Desses casos, 75 pessoas acusadas por esses crimes foram assassinadas antes mesmo de serem julgadas. Muitas foram mortas sob custódia da polícia ou linchadas pela multidão. Um desses incidentes ocorreu quase perto da cidade de Lahore, no pequeno município de Kot Radha Kishan, nome em homenagem a dois deuses hindus.

Na região, os campos são verdes e exuberantes. A cada 800 metros em todas as direções, estão as altas chaminés fumegantes dos fornos de tijolos. Em cada um, centenas de blocos são empilhados em fileiras. Foi em um desses fornos que Shahzad e Shama Maseeh, um casal cristão acusado de blasfêmia, foi queimado vivo por uma multidão, em 2014.

O jornalista local Rana Khalid relembra os eventos que levaram aos assassinatos. Ele aponta para uma pequena estrutura perto do forno de tijolos. “O casal estava trancado nessa sala se protegendo da multidão”, ele conta.

Liderada por um clérigo local, a multidão estava furiosa: vários membros subiram no telhado e abriram caminho pelo teto. O casal foi arrastado para fora. “Eles foram brutalmente espancados com paus e tijolos e arrastados pelos homens raivosos da aldeia até o forno de tijolos e jogados lá dentro”, descreve o jornalista.

Shama estava grávida de quatro meses.

A multidão acreditava que um dia antes Shahzad e Shama haviam queimado várias páginas do Alcorão, junto com o lixo. A família do casal nega, dizendo que eles estavam queimando documentos antigos.

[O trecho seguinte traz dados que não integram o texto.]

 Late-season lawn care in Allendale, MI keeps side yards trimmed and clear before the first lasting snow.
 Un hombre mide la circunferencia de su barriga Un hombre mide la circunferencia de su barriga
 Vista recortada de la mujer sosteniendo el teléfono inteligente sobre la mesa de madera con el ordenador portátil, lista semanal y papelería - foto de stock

Cinco pessoas da aldeia, incluindo o clérigo local, foram condenadas à morte por terem assassinado o casal cristão. Outros oito moradores foram condenados a dois anos de prisão por incitar a violência.

 

Pena de morte

A lei paquistanesa contra a blasfêmia ficou mais severa na década de 1980, em um cenário de crescente polarização no país. Em 1979, o Paquistão era aliado dos americanos quando o vizinho Afeganistão foi invadido pela União Soviética e os Estados Unidos iniciaram operações secretas para ajudar combates islâmicos.

O país teve ganhos econômicos significativos por sua participação na jihad afegã, mas acabou impulsionando fanatismo religioso. Durante a década seguinte, a influência política e social dos grupos religiosos radicais aumentou dramaticamente.

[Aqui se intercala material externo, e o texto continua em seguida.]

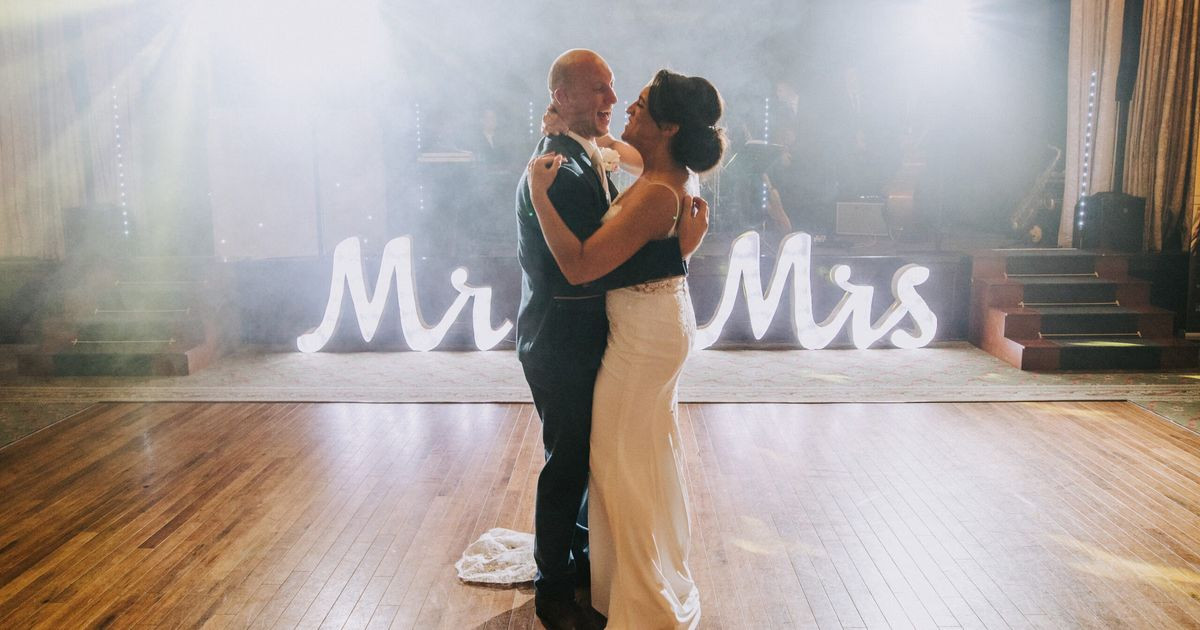 A couple dancing beside a light-up Mr and Mrs sign in a hazy ballroom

Eles ganharam visibilidade e voz. O Estado promoveu abertamente a ideologia islâmica ultraconservadora Wahhabi, sob liderança do general Zia ul-Haq, presidente do país entre 1978 e 1988.

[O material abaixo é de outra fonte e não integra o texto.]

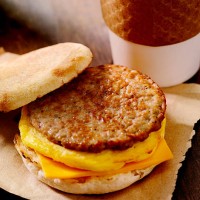 sausage and egg breakfast sandwich - junk food stock pictures, royalty-free photos & images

Leis foram promulgadas e adaptadas para reforçar a chamada sharia (legislação islâmica) e fazer do Paquistão uma nação “verdadeiramente islâmica”. Nesse contexto, as regras sobre blasfêmia foram alteradas pelo Parlamento em 1986.

Originalmente, uma legislação que respeitava diferenças religiosas havia sido criada pelos britânicos em 1860. O objetivo era conter conflitos religiosos entre hindus, muçulmanos, cristãos e siques em toda a Índia governada pelo Reino Unido na época.

A lei protegia locais de culto e objetos sagrados e tornava crime perturbar assembleias religiosas, invadir locais de sepultamento e insultar crenças de qualquer pessoa. Os infratores eram punidos com até dez anos de prisão. Em 1927, durante uma tensão política e antagonismo entre diferentes comunidades, a lei foi reforçada.

As leis de blasfêmia não favoreciam nenhuma religião específica até 1986, quando o Parlamento paquistanês introduziu novas emendas e incluiu uma cláusula que punia com a morte quem ofendesse o profeta Maomé. Na votação, apenas um parlamentar se posicionou contra a cláusula 295-C. Seu nome é Muhammad Hamza, hoje com 90 anos.

Em seu discurso em 1986, Hamza argumentou que os textos islâmicos citados pelos defensores da pena de morte precisavam ser exaustivamente revisados ​​pelos estudiosos da religião antes que qualquer mudança na lei fosse aprovada, e alegou que o Parlamento estava sendo irresponsável, evitando um debate profundo sobre o assunto.

“Tenho uma opinião firme”, diz Hamza. “Você não pode administrar o país com justiça seletiva. Qual é o propósito da lei se ela é destrutiva para a sociedade? Nossa população não tem profundidade, é excessivamente emocional sobre religião, então eu sabia que a lei seria mal utilizada – é por isso que eu me opus“, completa.

Hamza era a única voz da oposição no Parlamento naquele dia. A cláusula 295-C foi aprovada imediatamente.